Supplied information Start Marker

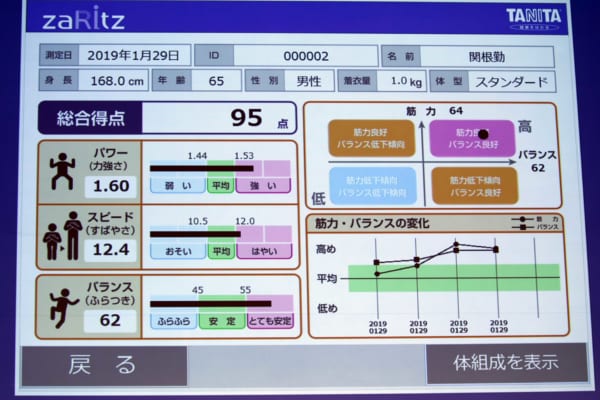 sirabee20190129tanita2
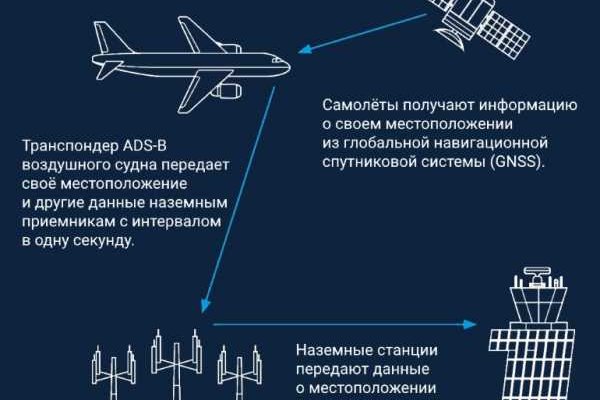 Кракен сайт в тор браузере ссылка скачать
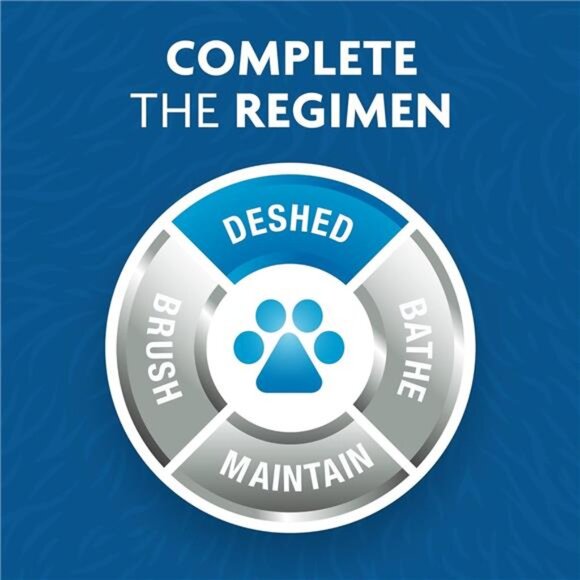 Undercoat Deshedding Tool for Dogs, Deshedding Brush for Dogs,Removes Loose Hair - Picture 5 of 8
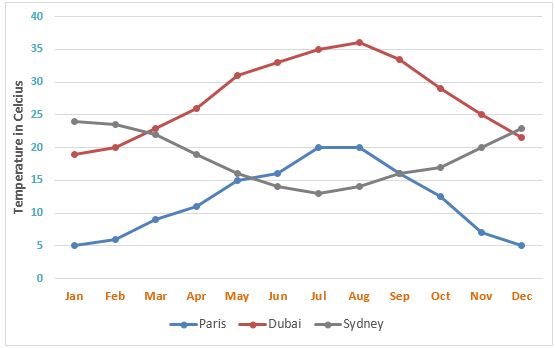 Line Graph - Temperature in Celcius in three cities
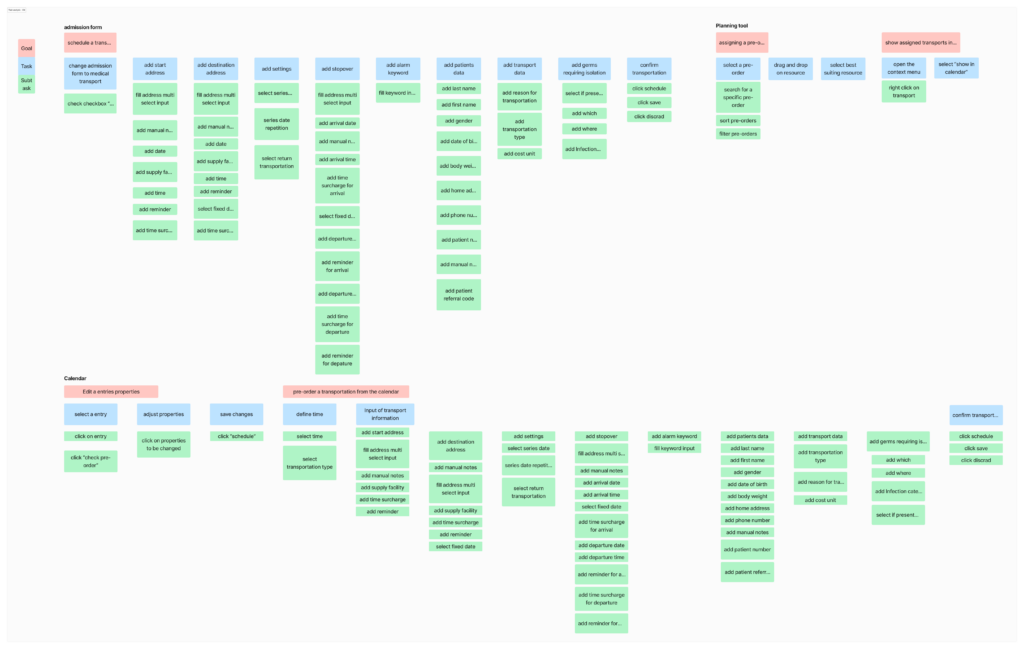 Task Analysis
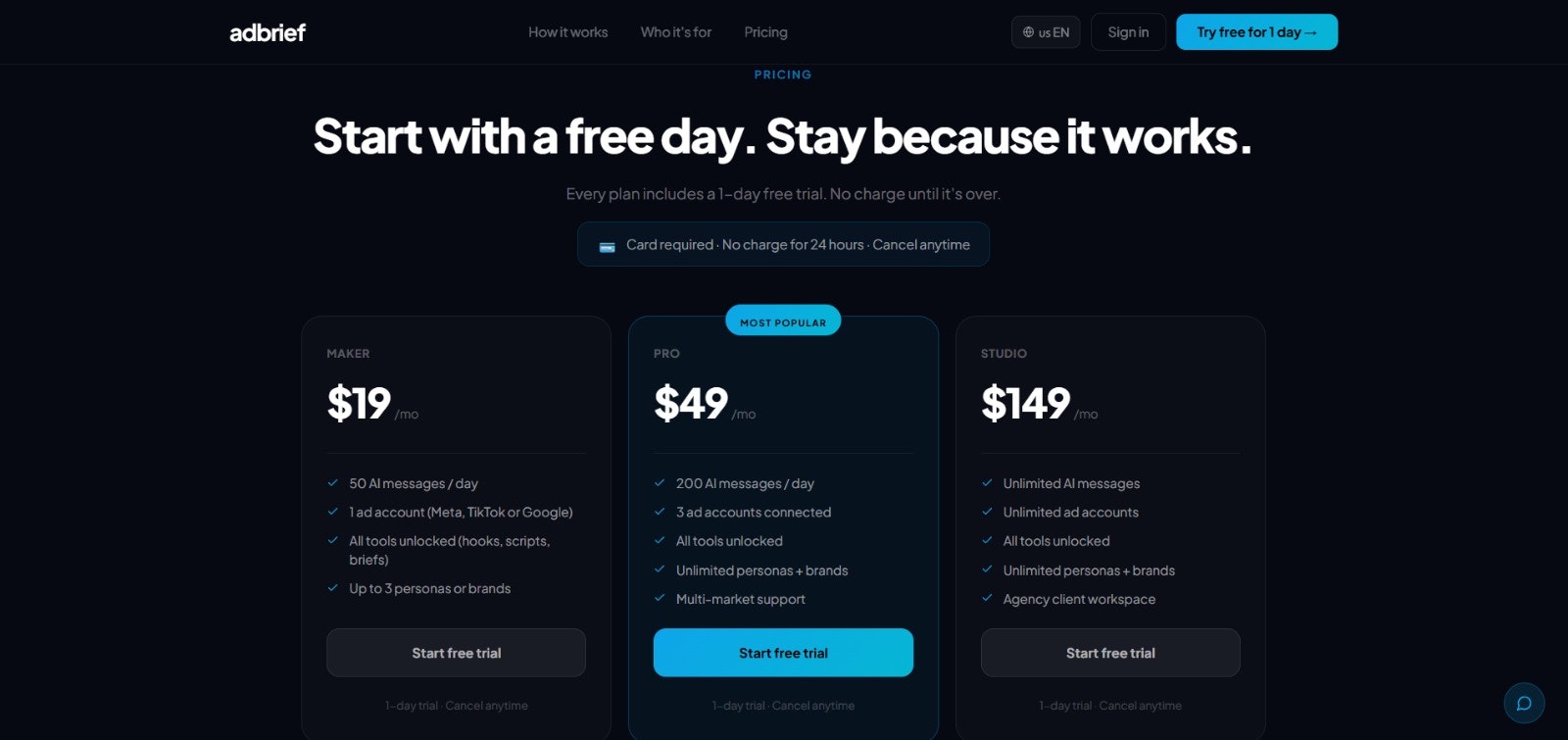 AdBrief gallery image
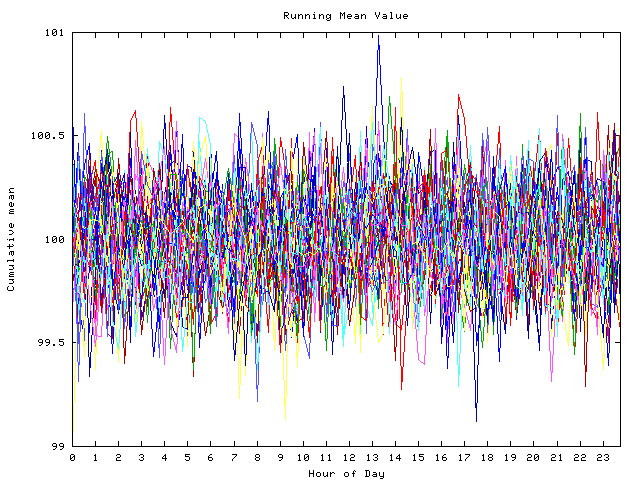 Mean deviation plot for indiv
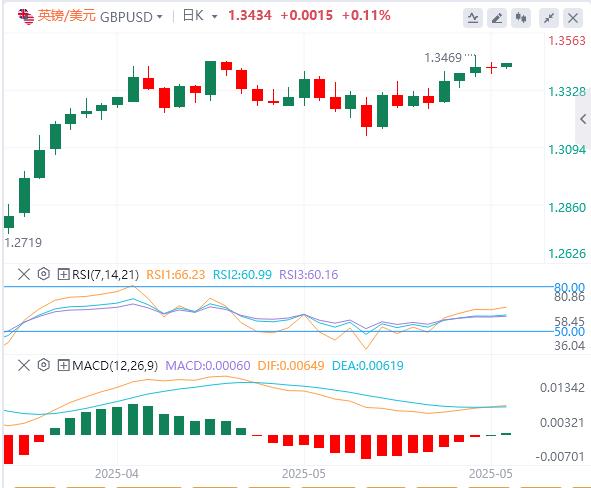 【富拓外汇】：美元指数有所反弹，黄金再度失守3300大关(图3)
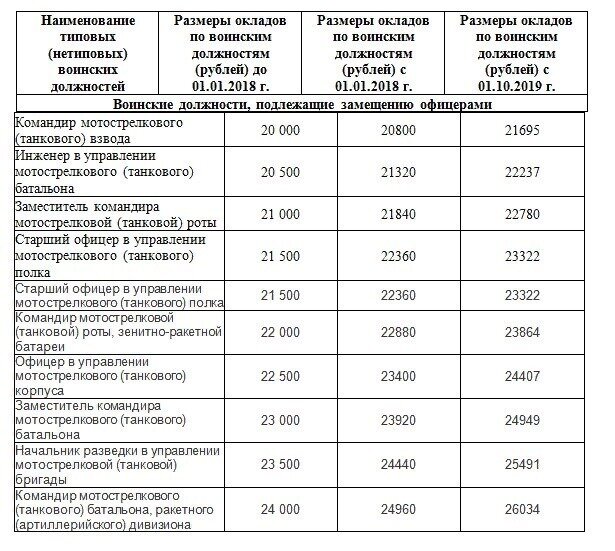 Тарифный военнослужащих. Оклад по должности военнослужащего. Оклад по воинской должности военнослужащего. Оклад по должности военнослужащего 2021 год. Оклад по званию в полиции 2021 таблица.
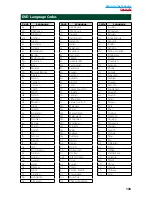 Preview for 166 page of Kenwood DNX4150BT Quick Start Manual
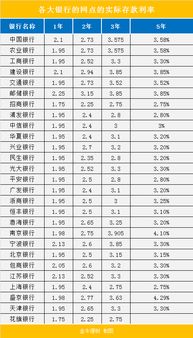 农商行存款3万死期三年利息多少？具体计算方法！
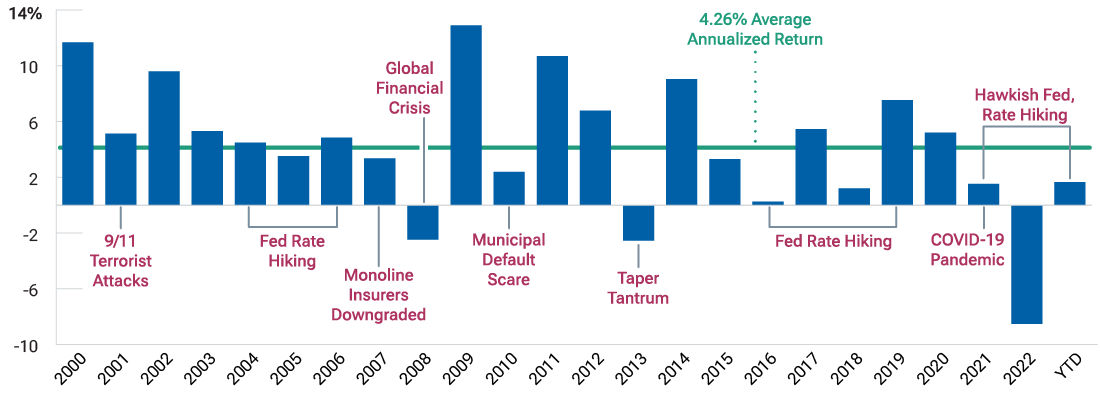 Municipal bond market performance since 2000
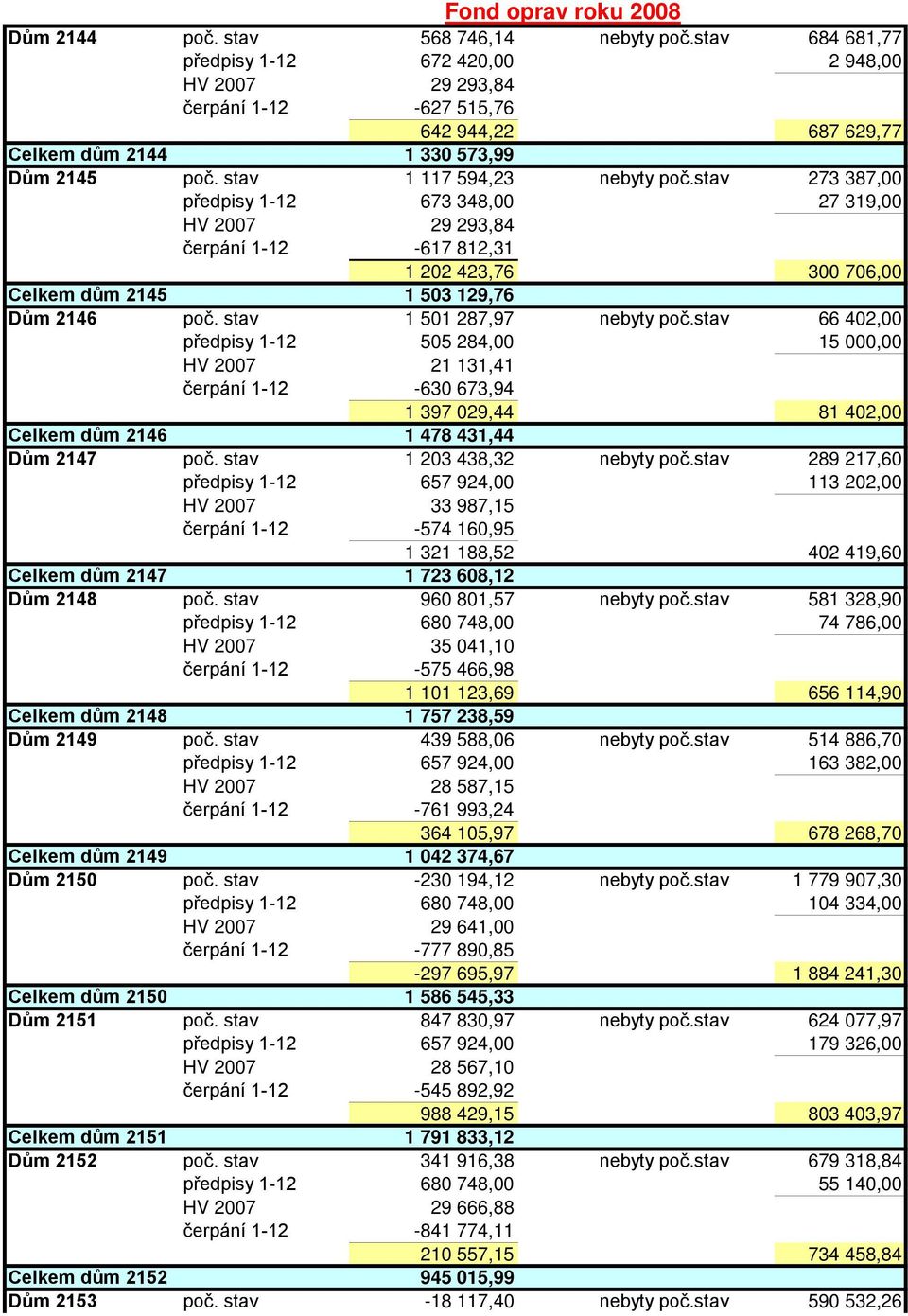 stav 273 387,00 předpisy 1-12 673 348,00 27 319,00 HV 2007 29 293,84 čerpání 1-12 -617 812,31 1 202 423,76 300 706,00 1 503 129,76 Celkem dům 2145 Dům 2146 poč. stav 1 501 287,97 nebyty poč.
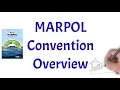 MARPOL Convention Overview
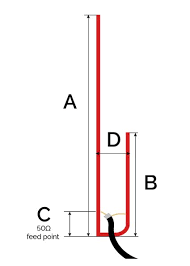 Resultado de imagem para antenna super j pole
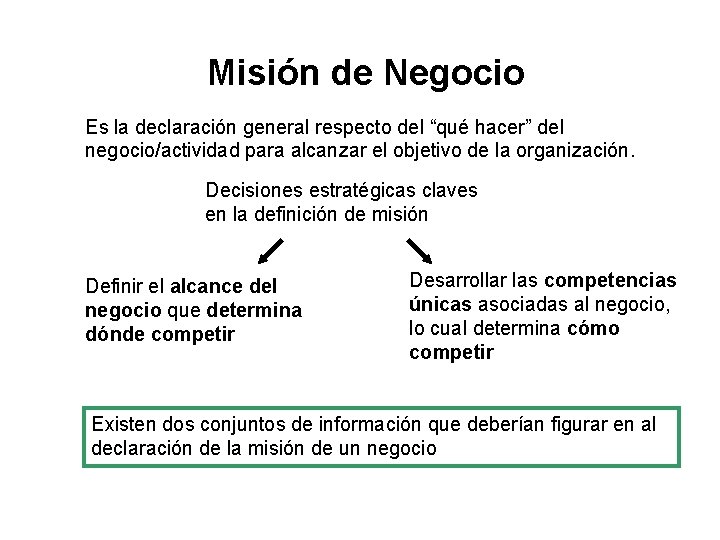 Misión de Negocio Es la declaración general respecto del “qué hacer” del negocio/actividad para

Supplied information End Marker

- Task details
Everything from the line containing "Municipal bond market performance since 2000" through the last line of the records above is to be reproduced exactly, except the pictures.

- Answer for the task
 Municipal bond market performance since 2000
 stav 273 387,00 předpisy 1-12 673 348,00 27 319,00 HV 2007 29 293,84 čerpání 1-12 -617 812,31 1 202 423,76 300 706,00 1 503 129,76 Celkem dům 2145 Dům 2146 poč. stav 1 501 287,97 nebyty poč.
 MARPOL Convention Overview
 Resultado de imagem para antenna super j pole
 Misión de Negocio Es la declaración general respecto del “qué hacer” del negocio/actividad para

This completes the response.